Many thanks Janet! Gorgeous scarf!


----------



## knitgogi (Aug 25, 2013)

Where can the pattern be found? I don't see it on your etsy site. It is incredibly cute, and foxes are quite an "in" thing right now. I really like working with Pipsqueak, too! Just bought my granddaughter a sweater with a fox with glasses on it.


----------



## Ginka (May 16, 2011)

Very nice pattern,how do we get it ?


----------



## NanaG (Jun 12, 2012)

Thank you for your generosity. The scarf is adorable! I went to your shop, but could not find the pattern there. Could you tell us please how to get this cute pattern?


----------



## janettamargo (May 13, 2013)

So sorry I forgot to paste the link - fixed now


----------



## Elaine Ohs (Jan 27, 2011)

Love the scarf. How do I get the pattern??


----------



## Katsch (Mar 15, 2011)

Beautiful, thank you.


----------



## knitgogi (Aug 25, 2013)

janettamargo said:


> So sorry I forgot to paste the link - fixed now


 :thumbup: Thank you.


----------



## Ginka (May 16, 2011)

Thank you for your "gift" ,I have your flip flop and boot patterns ,too cute !


----------



## mombr4 (Apr 21, 2011)

Your fox scarf is so cute, and so kind of you to offer the pattern to all of us. 

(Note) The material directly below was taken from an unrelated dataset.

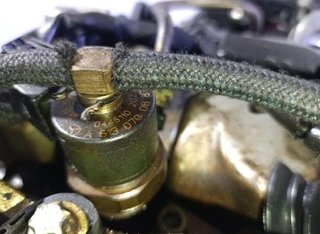 Motor mercedes-benz rectp5567678 612962 clase c c
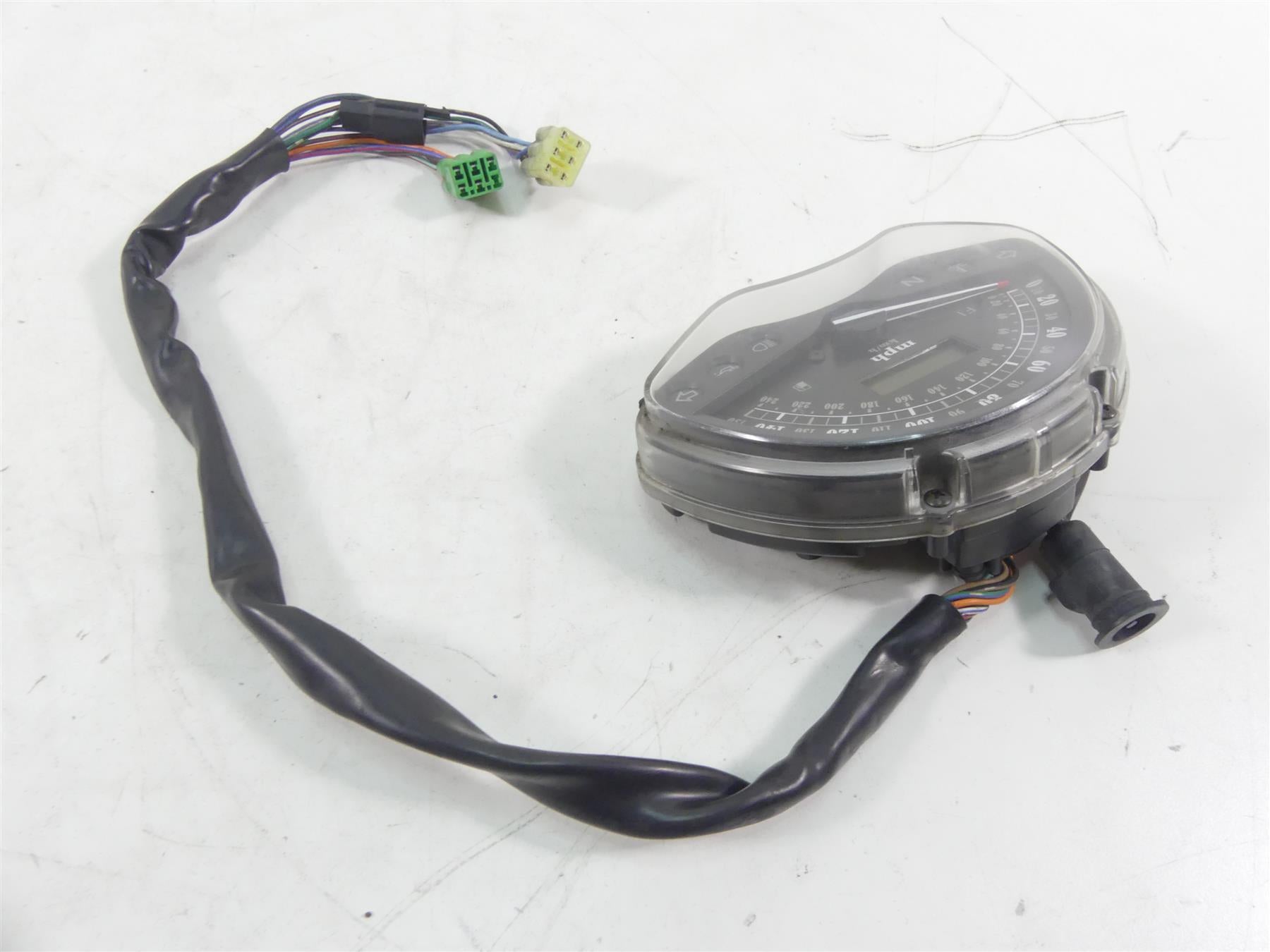 2003 Honda VTX1800R Speedometer Speedo Gauges Instrument - 19K 37200-MCV-671 {{ shop.shopifyCountryName }} - Mototech271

Thanks so much. Just love your patterns.


----------



## missmolly (Jun 8, 2011)

Thank you so much for your free pattern ~ it is adorable :thumbup: :thumbup:


----------



## keldebtar (Apr 4, 2014)

Thank you!!


----------



## jmcret05 (Oct 24, 2011)

That is the nicest fox scarf I've seen. The yarn is obviously the best one to use and the face is so well done. Thanks.


----------



## StellasKnits (Apr 10, 2011)

Adorable! Thanks so much!


----------



## jeannietta (Mar 14, 2011)

I just love this scarf. You did a great job. Thanks for making the pattern available. I will be keeping my eye out for some pipsqueak yarn!


----------



## Wee Brenda (Nov 29, 2011)

thank you


----------



## Knittingkitty (Sep 25, 2011)

It is very cute!


----------



## Bonnie7591 (Nov 15, 2011)

Very cute! Thank you & have a Happy Thanksgiving


----------



## skinny minnie (Jan 4, 2012)

Thank you. Have been looking for a fox scarf for grands next winter. Yours is beautiful


----------



## standsalonewolf (Dec 1, 2011)

thank you :thumbup:


----------



## no1girl (Sep 4, 2012)

Impossible to buy the Peach here......managed a raspberry...........a Red Fox!


----------



## minniemo (Apr 23, 2011)

Thank you so much Janet, so very generous of you. It is such a cute scarf. :thumbup: :thumbup: :thumbup:


----------



## skinny minnie (Jan 4, 2012)

cakes said:


> Impossible to buy the Peach here......managed a raspberry...........a Red Fox!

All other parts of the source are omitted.